Before we discuss alternative systems it is important to note that data fusion algorithms like the Kalman filter can be used with two or more sensors. The difference between the predicted feature location and the actual feature location can be used to resolve IMU biases. Typically, when multiple navigation system position estimates are combined, the INS becomes a core component. If other sensor system estimates are more accurate than the INS, they can be used to correct or update the INS.
Image aided navigation uses the sensor images to navigate. Measurements of 3D terrain imagery can be obtained from EO/IR sensors. To navigate with images, a Digital Terrain Elevation Data (DTED) map database can be stored in memory. The sensor images can be correlated with the stored DTED map and an error can be computed.
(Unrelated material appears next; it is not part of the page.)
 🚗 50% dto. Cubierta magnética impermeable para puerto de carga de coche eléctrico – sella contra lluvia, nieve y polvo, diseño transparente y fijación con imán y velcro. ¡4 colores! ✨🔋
This error can be used to update an INS. The Kalman filter can fuse imagery and INS measurements by using the results from feature correspondence to correct the INS. Trajectory corrections are then fed back to improve future predictions. Another method uses the imagery to compute a new coordinate. The new coordinate is then uploaded to the UAV memory and used for navigation.
Another alternative navigation system is called Locata. This is basically a satellite navigation system installed on a series of ground based towers. It is a ground based positioning system with centimeter accuracy. The signals are one million times stronger than a satellite navigation signal and the accuracy has been demonstrated to in the order of 18 cm at 30 miles. System accuracy is on the order of 3 nanoseconds, more accurate than the atomic clocks installed on satellites. Another advantage over satellite navigation is that Locata will work inside of buildings. The Locata receive will also track both satellite signals and Locata signals. There are no atomic clocks, no cables and no reference network required for time corrections. Locata can synchronize in only 10 picoseconds.
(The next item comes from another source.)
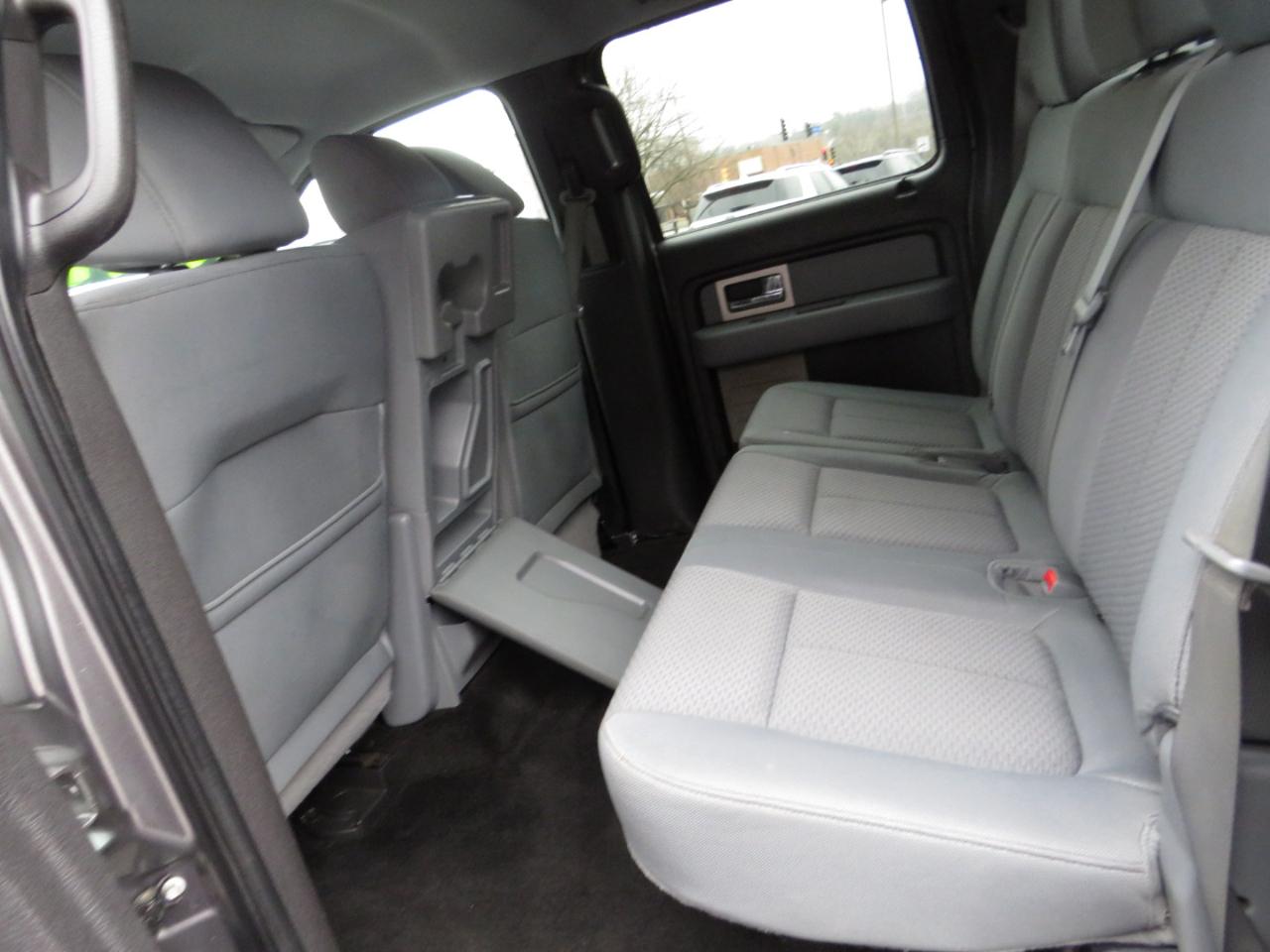 Ford F-150 4WD SuperCrew 145" Platinum 2011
BAE has recently developed a UAV navigation system that uses signals of opportunity called Navigation Signals of Opportunity (NAVSOP). This system can use cell phone towers, radio towers, microwave towers, TV signals and WiFi signals. All of these types of signals, if available, can be used to triangulate position. This appears to be an excellent solution, however there are some problems. One problem is that if the UAV is very close to a single cell phone tower, it will reject signals from other towers and a triangulation estimate will not be possible. Another effort is underway to combine the NAVSOP solution with other sensor position estimates. All of these inputs can be combined in a giant Kalman filter to select the best position estimate.
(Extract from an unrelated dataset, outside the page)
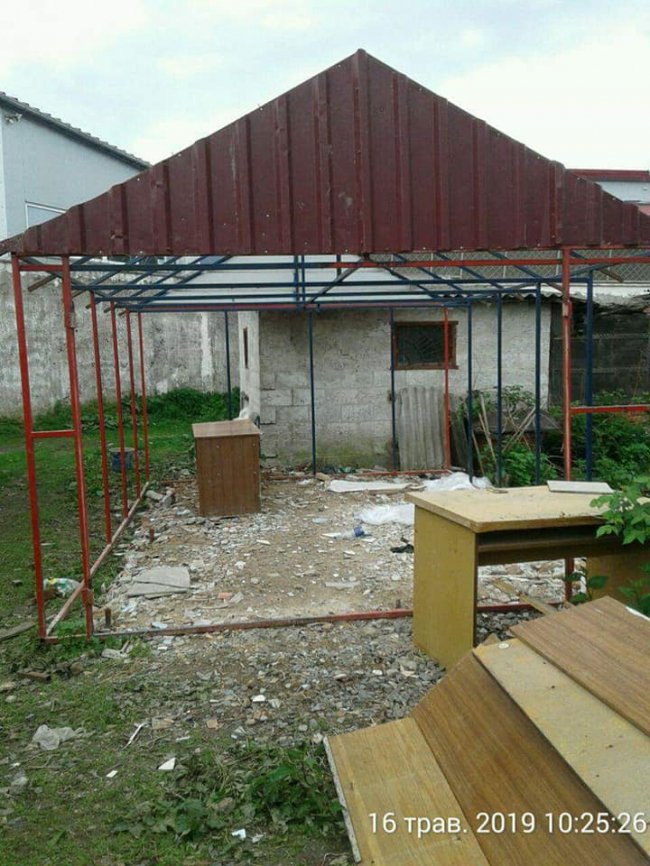 У Луцьку муніципали знесли незаконно встановлені халабуди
A final alternative navigation system that is in development is a cold atom IMU. Ultra cold atom interferometers are used to measure forces acting on matter. Atoms are cooled to a very low temperature where they can be controlled. An INS that uses this technology will have very low drift rates. A typical INS has a drift rate of 1400 m/hr and a cold atom INS will have drift rates on the order of 5 m/hr. The goal is to demonstrate high precision atom interferometer INS. This system has the potential to replace satellite navigation as a primary solution in any types of air, ground, sea and space platforms.